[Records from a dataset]

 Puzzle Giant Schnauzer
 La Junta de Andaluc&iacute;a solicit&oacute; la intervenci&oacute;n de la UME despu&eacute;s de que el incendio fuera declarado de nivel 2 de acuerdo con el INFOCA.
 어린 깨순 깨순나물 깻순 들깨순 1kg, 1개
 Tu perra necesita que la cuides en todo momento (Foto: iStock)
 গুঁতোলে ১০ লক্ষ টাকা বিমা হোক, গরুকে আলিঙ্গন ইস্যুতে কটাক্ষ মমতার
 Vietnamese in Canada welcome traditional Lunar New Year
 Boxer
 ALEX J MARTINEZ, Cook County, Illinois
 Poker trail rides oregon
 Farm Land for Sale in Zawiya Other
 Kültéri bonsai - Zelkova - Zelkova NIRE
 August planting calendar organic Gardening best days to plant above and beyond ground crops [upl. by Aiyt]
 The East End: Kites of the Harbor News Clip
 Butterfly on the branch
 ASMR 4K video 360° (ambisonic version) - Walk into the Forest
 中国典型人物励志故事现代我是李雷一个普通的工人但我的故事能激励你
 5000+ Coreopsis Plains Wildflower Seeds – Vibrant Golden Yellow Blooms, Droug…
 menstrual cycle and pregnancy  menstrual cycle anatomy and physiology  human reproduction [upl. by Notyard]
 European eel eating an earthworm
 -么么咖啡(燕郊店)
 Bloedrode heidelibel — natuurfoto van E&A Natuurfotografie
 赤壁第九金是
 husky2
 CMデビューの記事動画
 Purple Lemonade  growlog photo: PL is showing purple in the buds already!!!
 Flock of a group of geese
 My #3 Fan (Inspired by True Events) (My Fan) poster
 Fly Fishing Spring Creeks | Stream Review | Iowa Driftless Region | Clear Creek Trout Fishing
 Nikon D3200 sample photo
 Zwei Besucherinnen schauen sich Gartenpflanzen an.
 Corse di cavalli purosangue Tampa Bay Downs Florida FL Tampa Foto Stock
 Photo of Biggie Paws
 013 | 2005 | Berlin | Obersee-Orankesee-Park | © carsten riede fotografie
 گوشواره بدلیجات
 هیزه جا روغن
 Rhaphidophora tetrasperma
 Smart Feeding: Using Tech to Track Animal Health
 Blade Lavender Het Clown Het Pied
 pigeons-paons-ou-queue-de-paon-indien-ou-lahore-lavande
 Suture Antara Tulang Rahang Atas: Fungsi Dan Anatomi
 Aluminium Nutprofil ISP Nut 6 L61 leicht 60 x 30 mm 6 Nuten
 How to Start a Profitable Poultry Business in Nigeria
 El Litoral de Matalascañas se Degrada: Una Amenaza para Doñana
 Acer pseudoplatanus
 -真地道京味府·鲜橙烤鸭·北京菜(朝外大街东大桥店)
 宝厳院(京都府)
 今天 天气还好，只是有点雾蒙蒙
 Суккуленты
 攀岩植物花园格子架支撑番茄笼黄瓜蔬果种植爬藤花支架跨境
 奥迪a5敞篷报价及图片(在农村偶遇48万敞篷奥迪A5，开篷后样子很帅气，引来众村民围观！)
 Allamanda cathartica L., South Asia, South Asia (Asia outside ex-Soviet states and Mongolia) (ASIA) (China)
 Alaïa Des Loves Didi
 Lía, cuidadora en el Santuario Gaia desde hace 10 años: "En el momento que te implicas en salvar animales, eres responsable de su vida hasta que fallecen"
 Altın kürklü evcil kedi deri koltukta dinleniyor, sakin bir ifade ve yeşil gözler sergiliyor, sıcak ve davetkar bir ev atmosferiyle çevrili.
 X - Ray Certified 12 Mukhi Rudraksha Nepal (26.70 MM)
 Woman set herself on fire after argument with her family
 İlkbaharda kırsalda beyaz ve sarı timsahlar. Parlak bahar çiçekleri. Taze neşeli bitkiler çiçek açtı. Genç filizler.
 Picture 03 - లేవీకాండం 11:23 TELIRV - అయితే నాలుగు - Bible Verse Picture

◆ HOW TO COMPLETE THIS TASK ◆
Go through the records above and copy every line with the word "momento".

◆ ANSWER BOX ◆
 Tu perra necesita que la cuides en todo momento (Foto: iStock)
 Lía, cuidadora en el Santuario Gaia desde hace 10 años: "En el momento que te implicas en salvar animales, eres responsable de su vida hasta que fallecen"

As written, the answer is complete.